Chapter 4: Alkanes and Cycloalkanes

Students learn how physical properties such as boiling points, melting points, and densities vary systematically across alkane homologs and how molecular branching influences these properties through changes in intermolecular contact surface. The chapter then transitions to conformational isomerism, using ethane, propane, and butane as foundational examples to introduce Newman projection representations and the concept of torsional strain arising from unfavorable eclipsing interactions between substituents. The core focus shifts to cycloalkanes, where ring strain emerges as a critical determinant of stability, decomposing into angle strain from deviation from ideal tetrahedral geometry and torsional strain from unfavorable dihedral angles within the ring. Cyclopropane and cyclobutane illustrate severe ring strain, while cyclopentane demonstrates partial relief through pseudorotation. Cyclohexane receives extensive treatment as the most important cycloalkane, with detailed analysis of chair, boat, twist, and half-chair conformations and their relative energies.

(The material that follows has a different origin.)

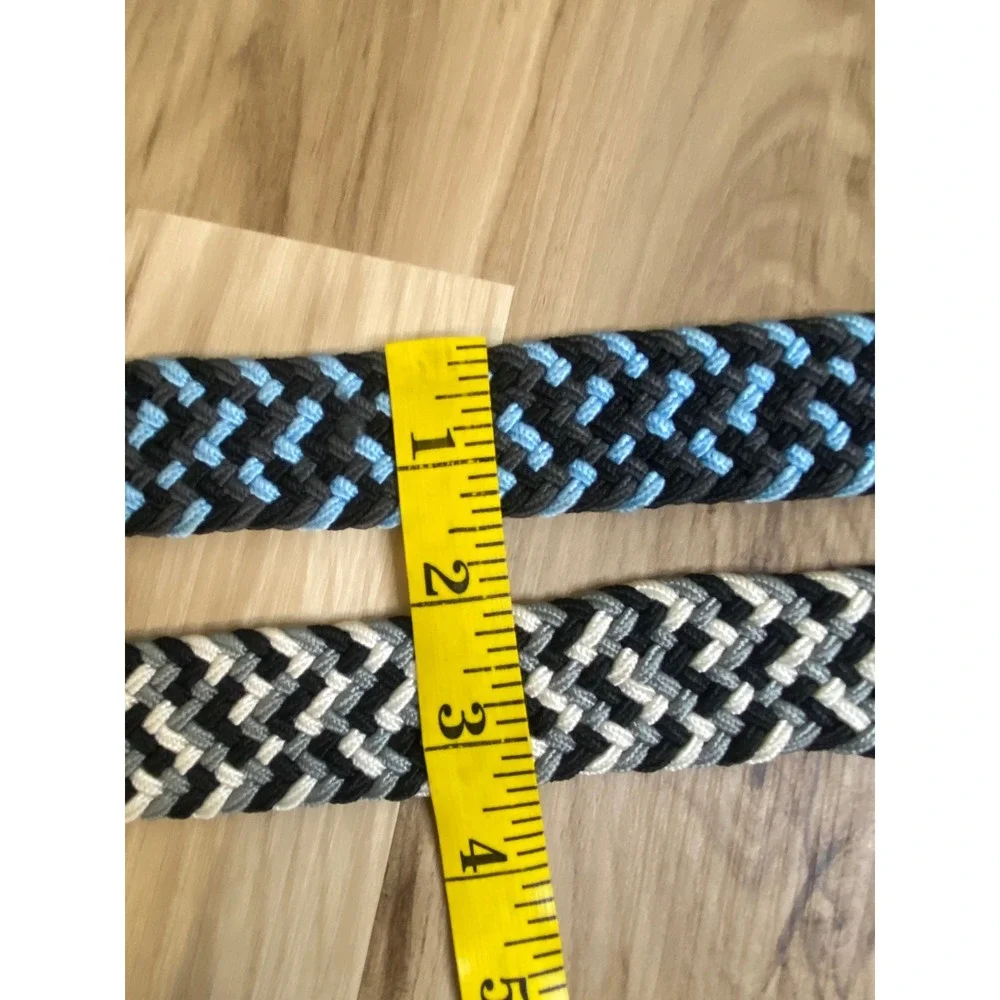 Mens Braided Elastic Stretch Belt Lot 2 Blue Grey Black Chevron Woven 42 & 2XL
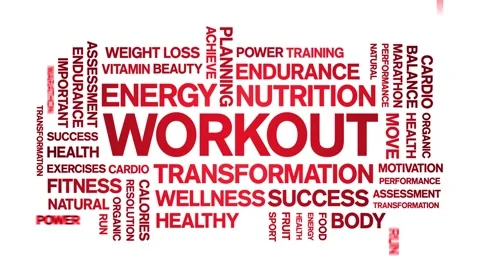 Workout animated word cloud,animation kinetic typography text seamless loop. Stock Footage 169285873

The chapter emphasizes how cyclohexane's chair form minimizes both angle and torsional strain through optimal positioning of all bonds. Critical concepts include axial and equatorial substituent orientations, 1,3-diaxial interactions that destabilize axial groups, and ring-flip dynamics that allow interconversion between chair conformers. Together, these topics establish fundamental principles governing the three-dimensional structure and thermodynamic stability of saturated hydrocarbon frameworks.